Think Carefully before Handing out Inheritances

I remember the very first time I held a five dollar bill of my own. I earned it by working 10 hours over two Saturdays at my Dad’s shop. When I got the job, I dreamed of the candy I would buy when payday came. But as I sat on my bed that day looking at that bill, turning it over and over and seeing those amazing big number 5’s on it, I suddenly had a difficult time deciding what to do with it. It was no longer just money waiting to be spent, but it was a valuable representation of long hours of work; Work, that would have been wasted if I wasted the money. That moment in time is fixed in my memory.
Our office recently received a call from a child of one of our long time clients. We had worked with the client for many years and had a very close relationship. This couple had lived a normal middle class life,  faithfully saving  a portion of their monthly income and spending wisely so that it might last throughout their retirement.

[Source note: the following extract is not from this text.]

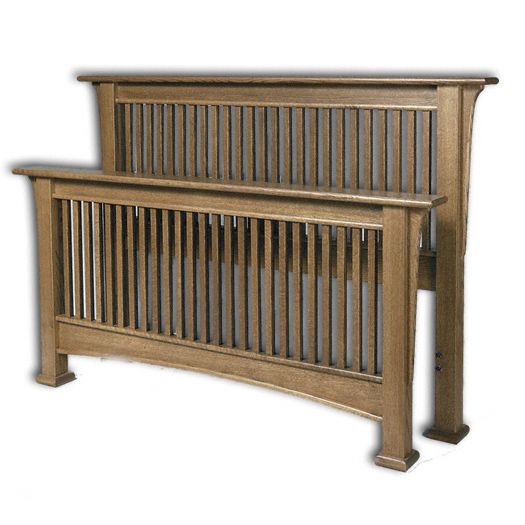 Amish USA Made Handcrafted Millcreek Mission Bed sold by Online Amish Furniture LLC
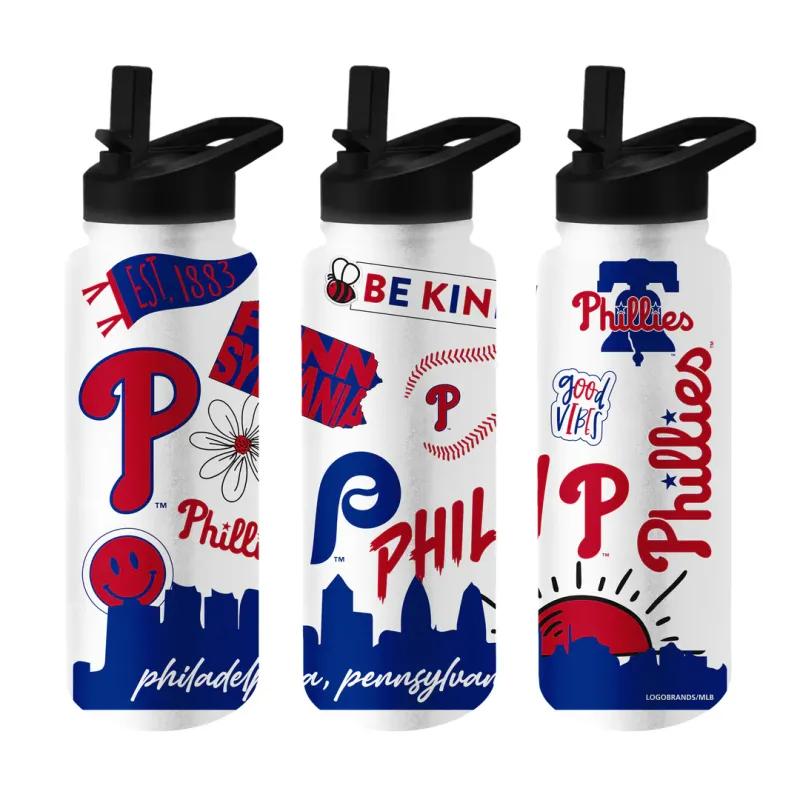 Philadelphia Phillies 34oz Native Quencher Bottle Philadelphia Phillies 34oz Native Quencher Bottle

The phone call was very short and amounted to the child of our client informing us that their last remaining parent had passed away the night before. As the successor trustee he asked how much money the parents had left, then said that he and his three siblings wanted the account cashed out and sent to them as soon as possible.  Because Investment markets are constantly moving, it’s often not the best idea to just liquidate everything all at once, but as we tried to explain this to the trustee he made it clear that he just wanted whatever cash could be generated as quickly as possible. The tone of the call, literally hours after their parent’s death, was disturbing.
Sadly this situation is not uncommon. I have often thought that if parents could foresee the way their kids behave when they find out they have an inheritance coming, they might seriously reconsider how they leave money behind. There are certainly children who are not this way, but far too many are unprepared financially or emotionally to be given money they did not earn.
My experiences have taught me that when you work for money, when you sacrifice to save your money, you have a much greater respect for it. You tend to be more cautious about how you invest and spend it. On the other hand, it is often the case that heirs who are not financially sound themselves, can be very quick to demand their share and even quicker to spend it.
If your estate plans include “leaving a little something” for your kids, consider that a good example and some well-timed lessons can be much better than a big check. One of the best things my Dad ever did for me financially was to give me  the chance to earn that $5 bill, rather than just handing it to me. That lesson has blessed my entire life.